Please read the content carefully before attempting any.These recipes are tried in my kitchen before publishing.

Chekkalu or Pappu Chekkalu or Karam billalu

"Do not follow where the path may lead. Go instead where there is no path and leave a trail". Harold R. McAlindon

Todays receipe is Chekkalu.  It is simple yet delicious. Its a nice tea-time snack.


Rice flour - 500 gms
Bengal gram - 2 tbsps (soaked for an hour)
Carom seeds - 2 tbsp 
Sesame seeds - 2 tbsps
Salt as per taste
Red chilli powder as per taste
Turmeric powder -1 tsp
Peanuts - 3 tsps(nicely roasted and chopped)
Water as required
Curry leaves - 2 strings (roughly crushed)
Oil for deep frying

1. Take a bowl add the rice flour. Add bengal gram, carom seeds, sesame seeds, salt, red chili powder, turmeric powder, peanuts and curry leaves. 
2. Boil some water and add to the above content slowly and make a dough. 
3. Rest the dough for half an hour. Place a damp cloth on the  dough so that it wont get dry. 

4. Heat the oil. Before its hot mean while make chekkalu on a plastic sheet each of 4 inch diameter and deep fry them.

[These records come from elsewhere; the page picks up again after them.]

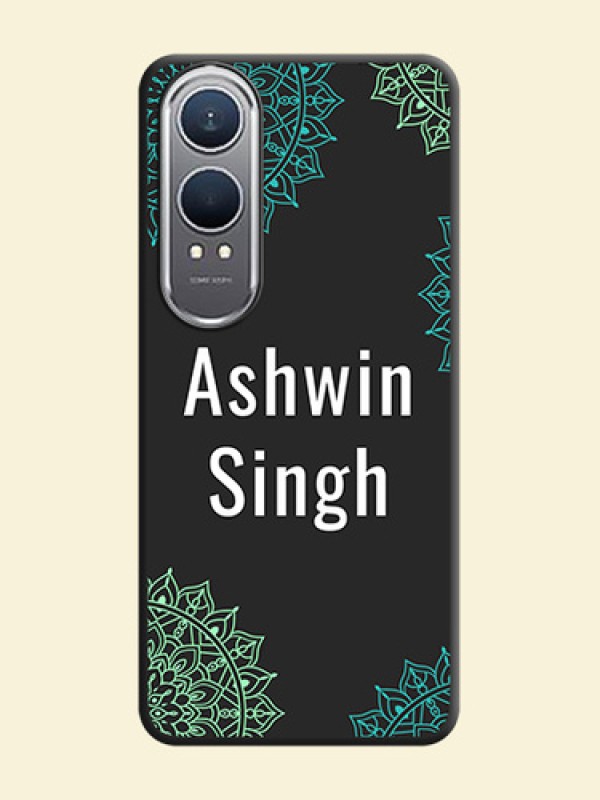 Your Name with Floral Design On Space Black Custom Soft Matte Mobile Back Cover - OnePlus Nord CE 4 Lite 5G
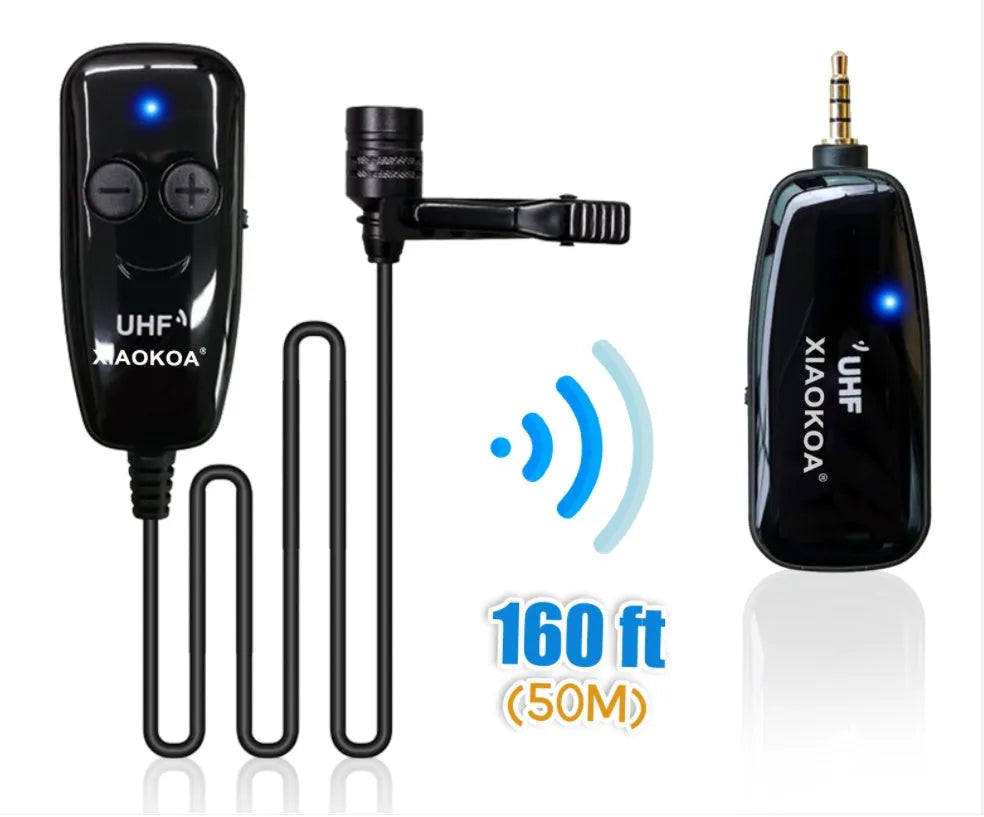 Black mobile phone lavalier microphone with 3.5mm plug and omnidirectional high-sensitivity core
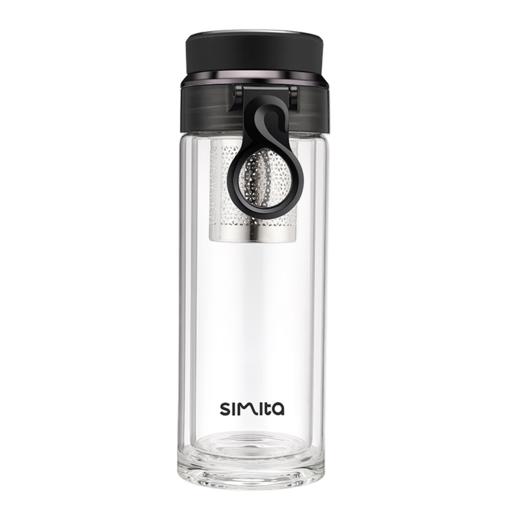 施密特（simita）玻璃杯智能显温双层茶水分离泡茶杯男女士带茶仓便携透明办公车载MBL7001-040A/035A 商品图0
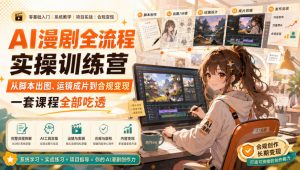 AI漫剧全流程实操训练营,从脚本出图、运镜成片到合规变现,一套课程全部吃透-第一资源库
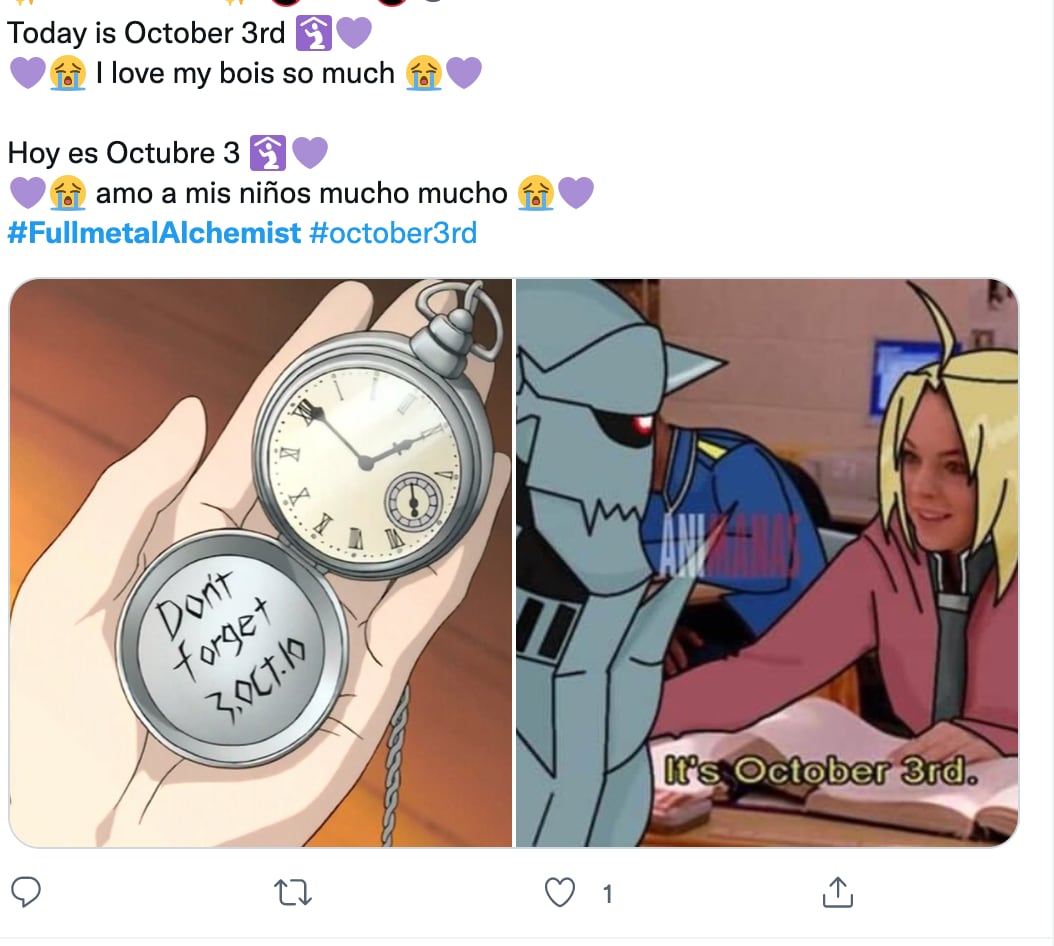 Recuerdan a 'Fullmetal Alchemist' este 3 de octubre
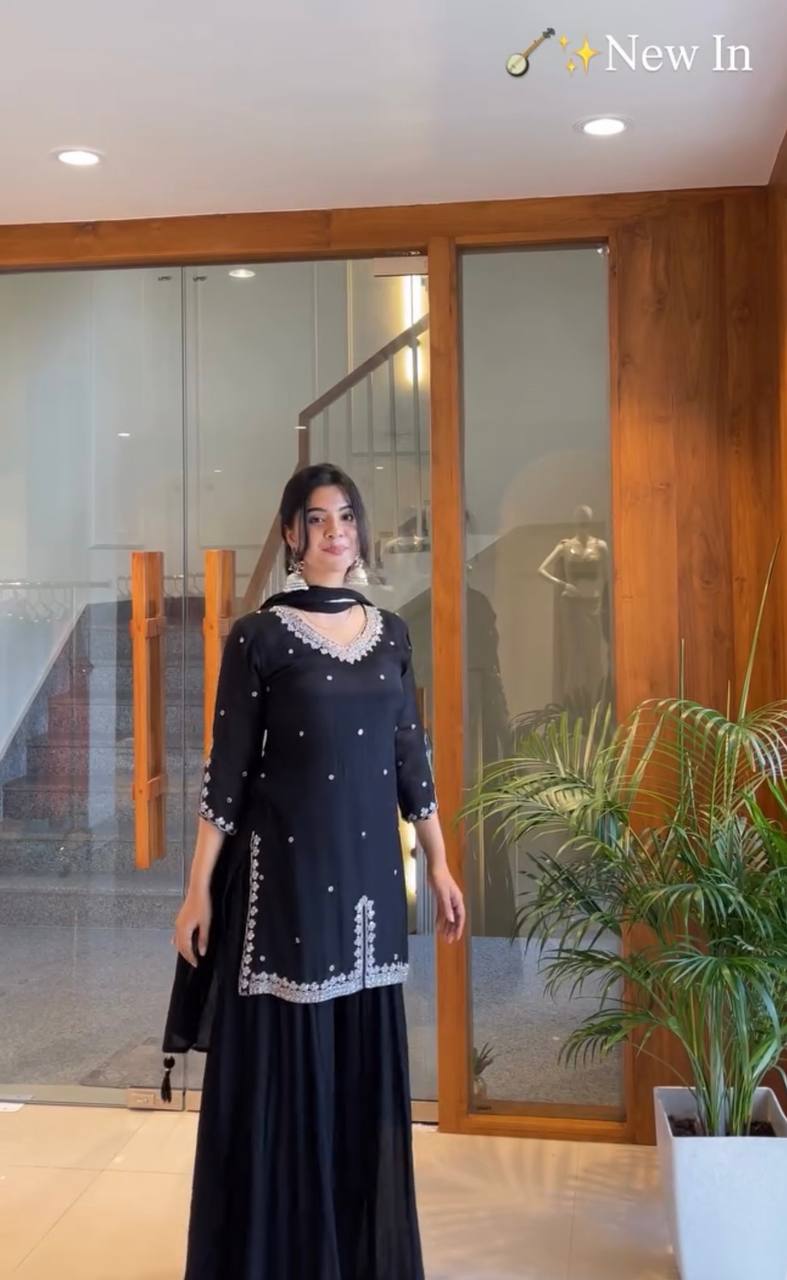 Midnight Black Embroidered Top with Flared Plazo & Dupatta Set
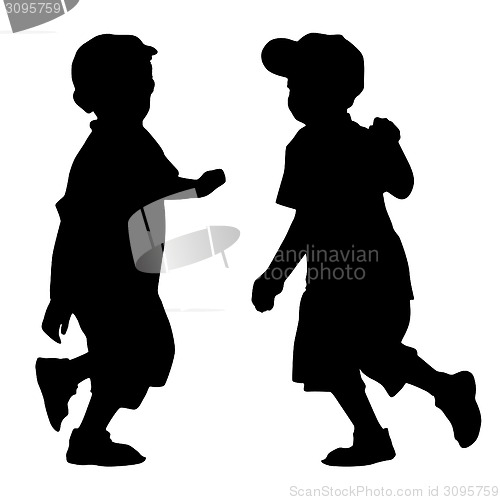 Image of Silhouettes of two little boys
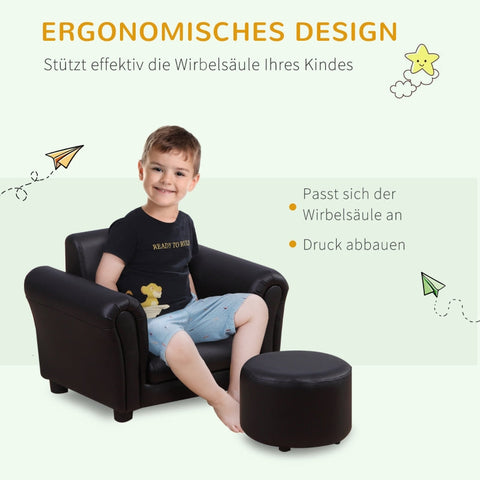 Rootz Children's Armchair with Footstool - Mini Sofa - Kids Lounge Chair - Comfortable Seating - Safe Design - Durable and Stable - 54cm x 42cm x 41cm (Sofa), 26cm x 26cm x 18cm (Stool)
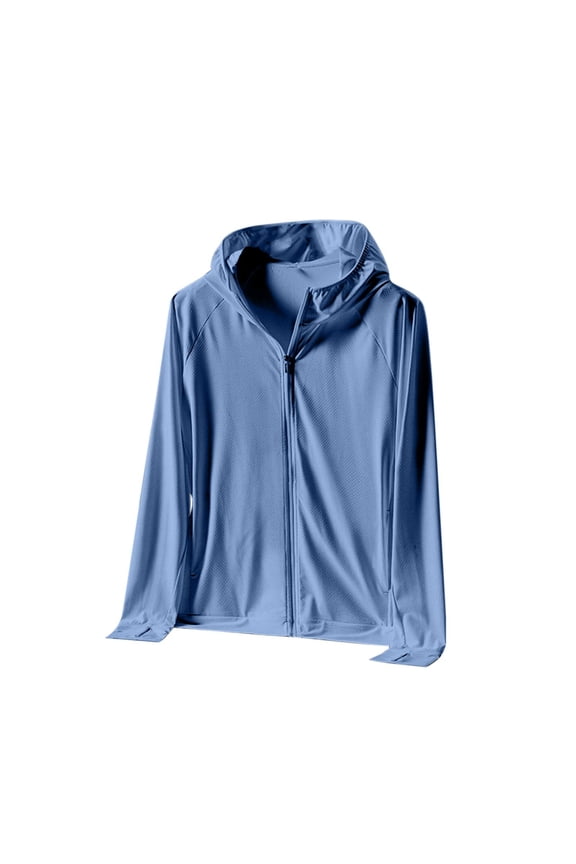 Men's UPF 50+ Sun Protection Half Placket Hooded Jacket Long Sleeve Outdoor Travel Coat Blue XXXL
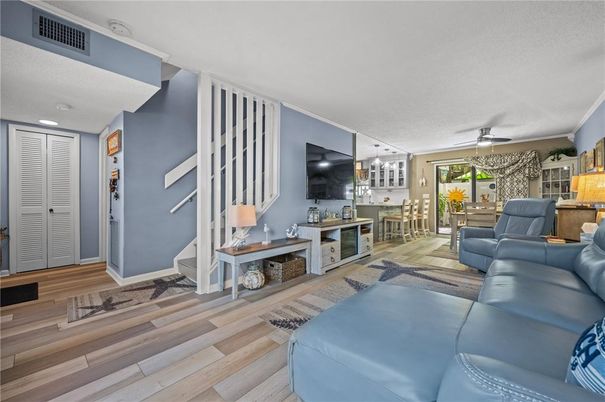 Dining room, Interior, Living room, Recessed Lighting, Wood Texture Flooring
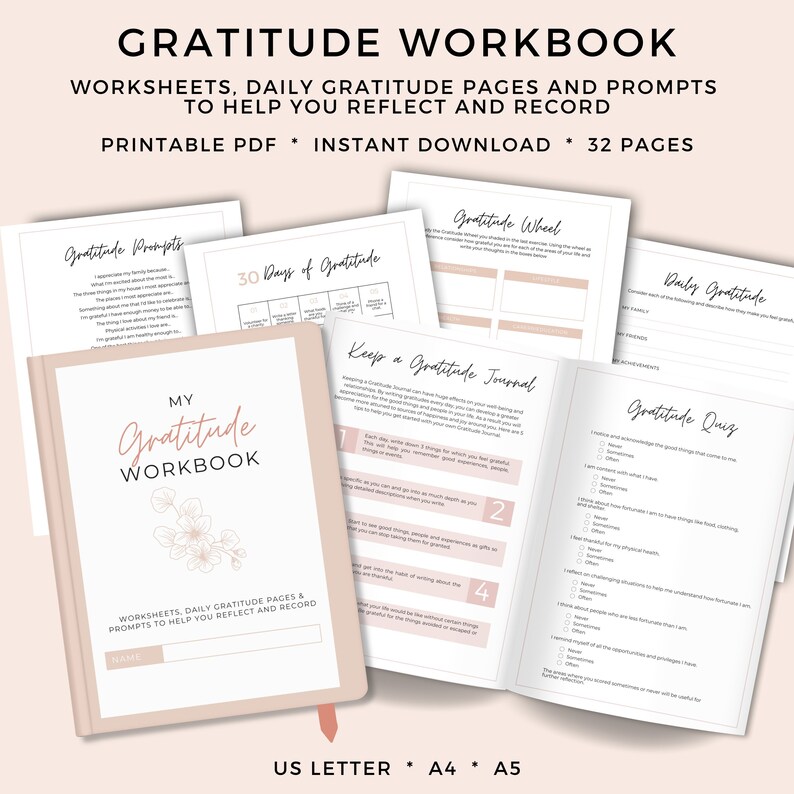 May include: A pink and white printable gratitude workbook with the title "My Gratitude Workbook" and the text "Worksheets, Daily Gratitude Pages & Prompts to Help You Reflect and Record". The workbook includes sections for "30 Days of Gratitude", "Keep a Gratitude Journal", "Gratitude Wheel", "Daily Gratitude", and "Gratitude Quiz".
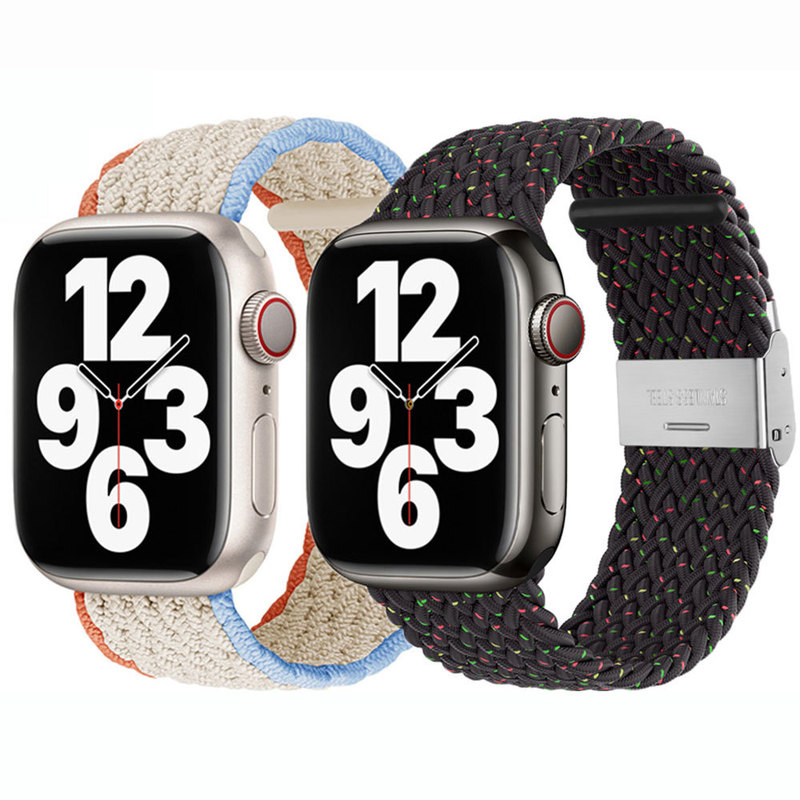 For Apple S7 Watch Apple Watch8 Strap Rainbow Nylon Braided Buckle iwatch6/se/5/3
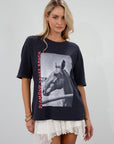 Graphic printed knit tee. Crewneck. Short sleeves. Unlined.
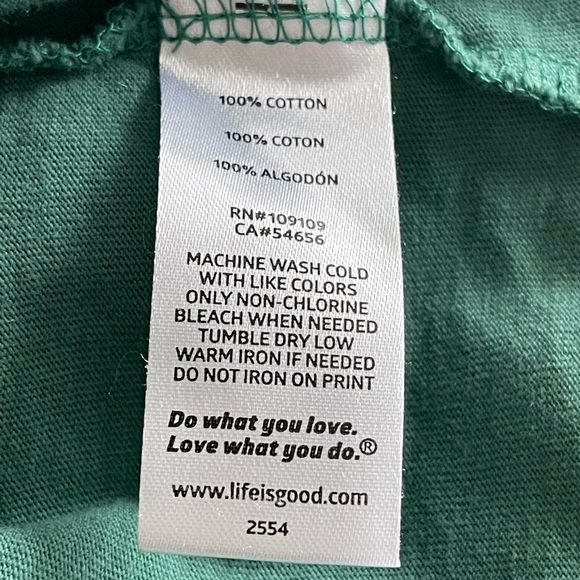 Life is good Christmas Green gingerbread guy long sleeve size Large - Picture 5 of 5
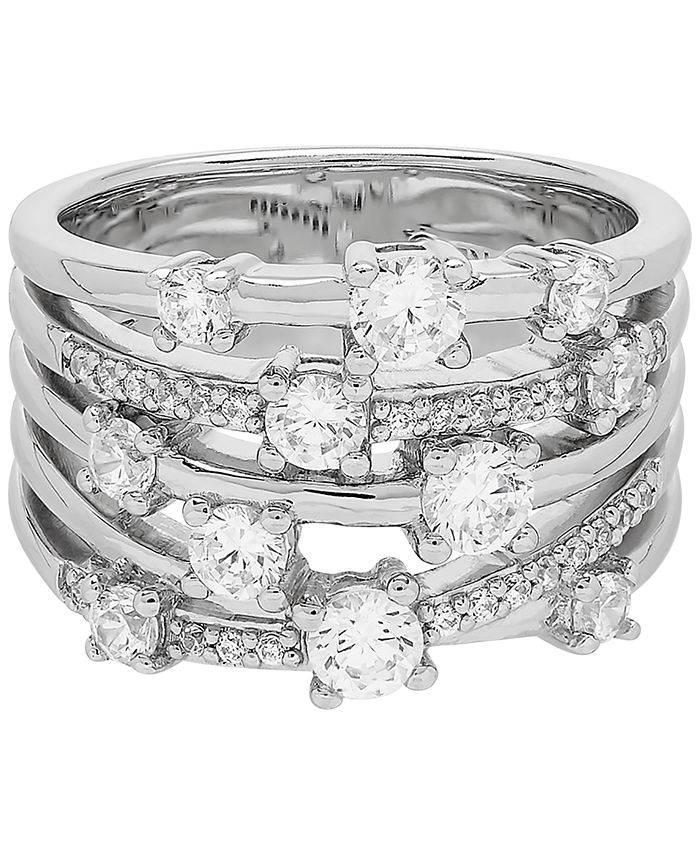 Arabella Cubic Zirconia StackLook Statement Ring in Sterling Silver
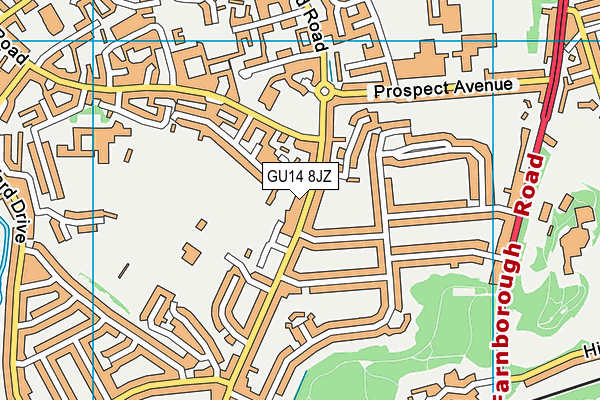 GU14 8JZ map - OS VectorMap District (Ordnance Survey)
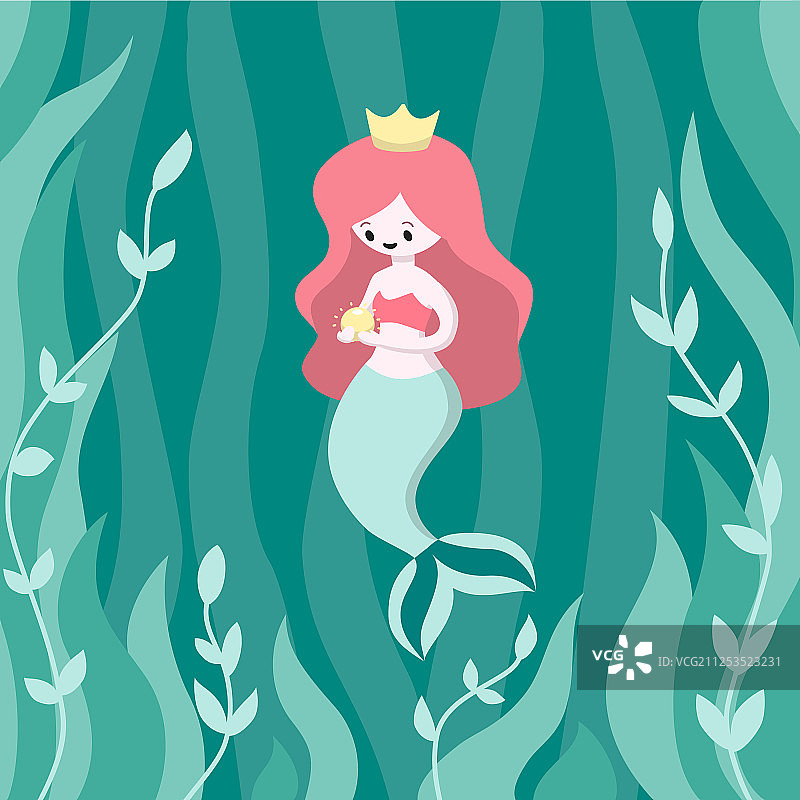 海洋水域中可爱的美人鱼图片素材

1. We use hot water for making a dough. This makes the chekkalu to puff a little. 
2. Before making the whole batch, make 2 or 3. Let them cool and check whether the salt and red chilli powder ratio proportions.  if necessary you can add. 
3.You can also prepare using besan or gram flour. You can add rice flour and besan in 1:1 ratio.
4.Always maintain the flame in medium so that you can have uniform color to all the chekkalu.